* Supplied material
= Beginning of Section =
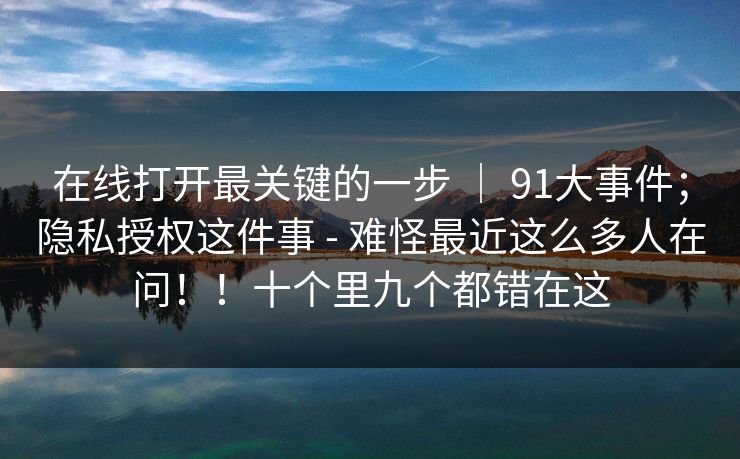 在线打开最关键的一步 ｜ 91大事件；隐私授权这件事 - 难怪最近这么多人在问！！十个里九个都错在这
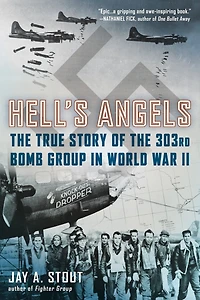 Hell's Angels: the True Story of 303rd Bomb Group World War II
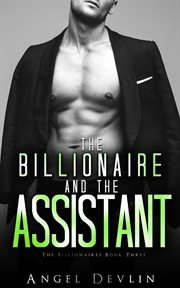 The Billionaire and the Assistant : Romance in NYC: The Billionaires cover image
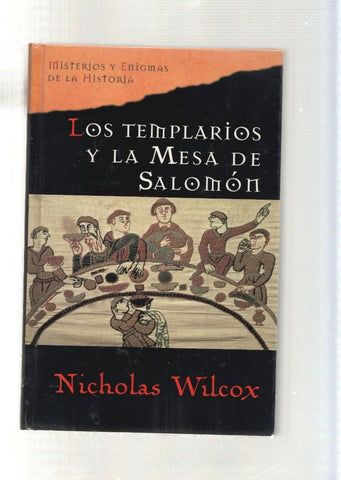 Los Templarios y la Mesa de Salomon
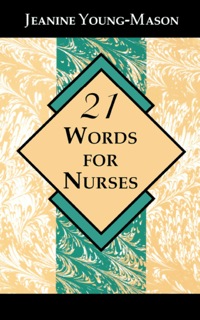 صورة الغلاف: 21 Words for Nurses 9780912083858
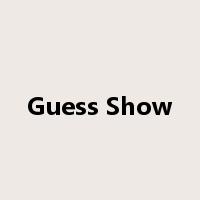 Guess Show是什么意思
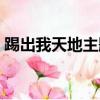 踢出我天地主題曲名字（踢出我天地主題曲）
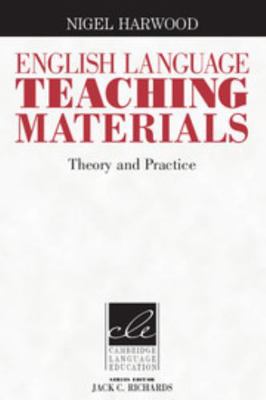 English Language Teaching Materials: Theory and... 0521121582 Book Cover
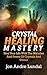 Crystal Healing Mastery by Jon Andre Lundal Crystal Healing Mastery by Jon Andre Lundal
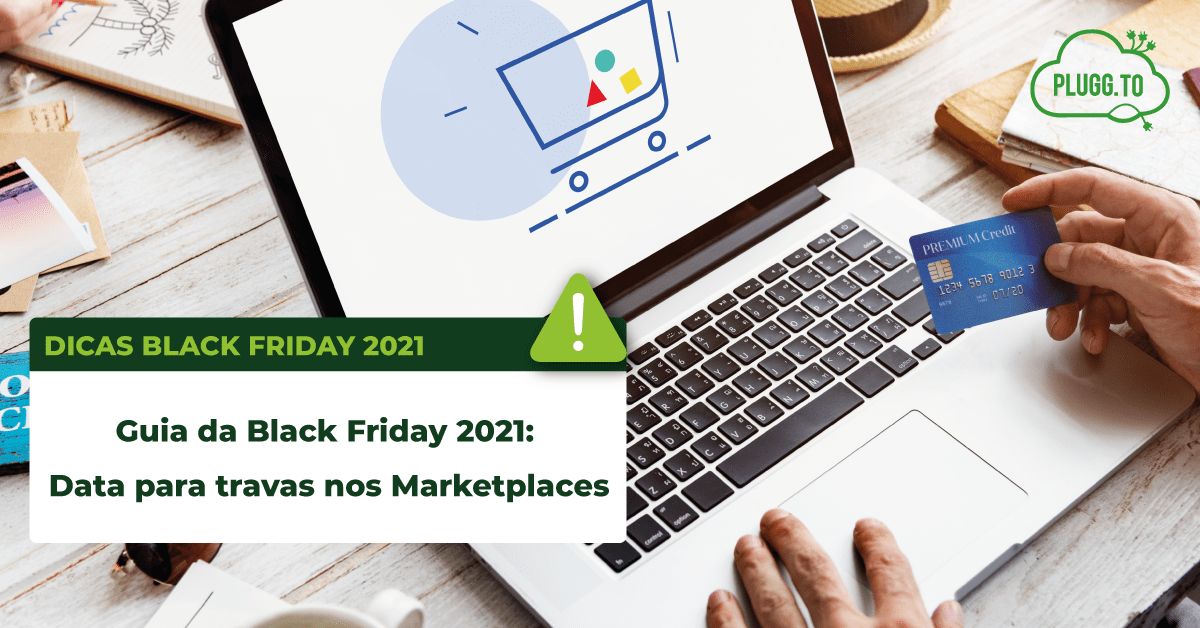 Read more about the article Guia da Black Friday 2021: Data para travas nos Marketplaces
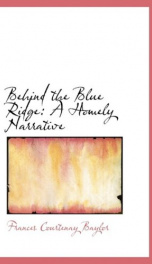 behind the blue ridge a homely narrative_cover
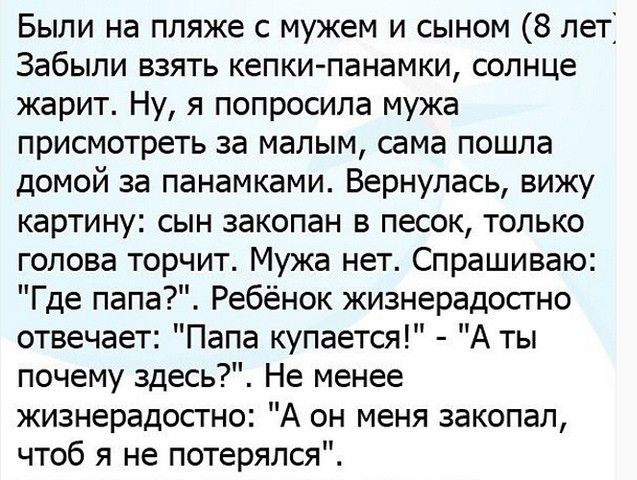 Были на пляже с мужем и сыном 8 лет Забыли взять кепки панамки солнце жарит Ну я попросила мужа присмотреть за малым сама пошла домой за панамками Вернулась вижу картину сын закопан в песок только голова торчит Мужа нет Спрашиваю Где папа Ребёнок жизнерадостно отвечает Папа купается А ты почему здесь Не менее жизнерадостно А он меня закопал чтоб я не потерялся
= End of Section =
= Beginning of Section =
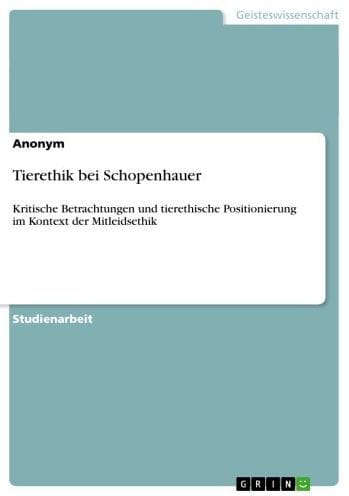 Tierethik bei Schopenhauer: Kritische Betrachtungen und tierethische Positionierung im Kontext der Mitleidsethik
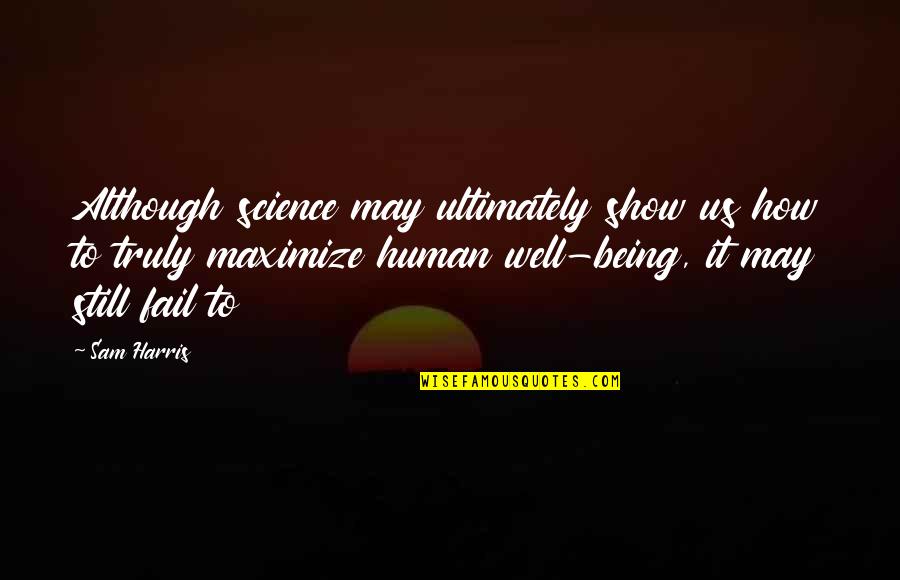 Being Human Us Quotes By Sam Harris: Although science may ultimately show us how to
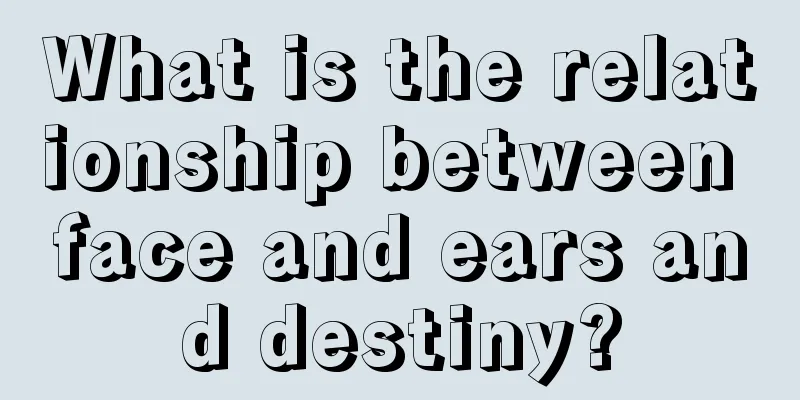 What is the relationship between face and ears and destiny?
= End of Section =
* The problem
Going back to the data above, write out everything from the line with "Guess Show是什么意思" down to the line with "Были на пляже", both included, leaving every picture out.

* Reply
 Guess Show是什么意思
 踢出我天地主題曲名字（踢出我天地主題曲）
 English Language Teaching Materials: Theory and... 0521121582 Book Cover
 Crystal Healing Mastery by Jon Andre Lundal Crystal Healing Mastery by Jon Andre Lundal
 Read more about the article Guia da Black Friday 2021: Data para travas nos Marketplaces
 behind the blue ridge a homely narrative_cover
 Были на пляже с мужем и сыном 8 лет Забыли взять кепки панамки солнце жарит Ну я попросила мужа присмотреть за малым сама пошла домой за панамками Вернулась вижу картину сын закопан в песок только голова торчит Мужа нет Спрашиваю Где папа Ребёнок жизнерадостно отвечает Папа купается А ты почему здесь Не менее жизнерадостно А он меня закопал чтоб я не потерялся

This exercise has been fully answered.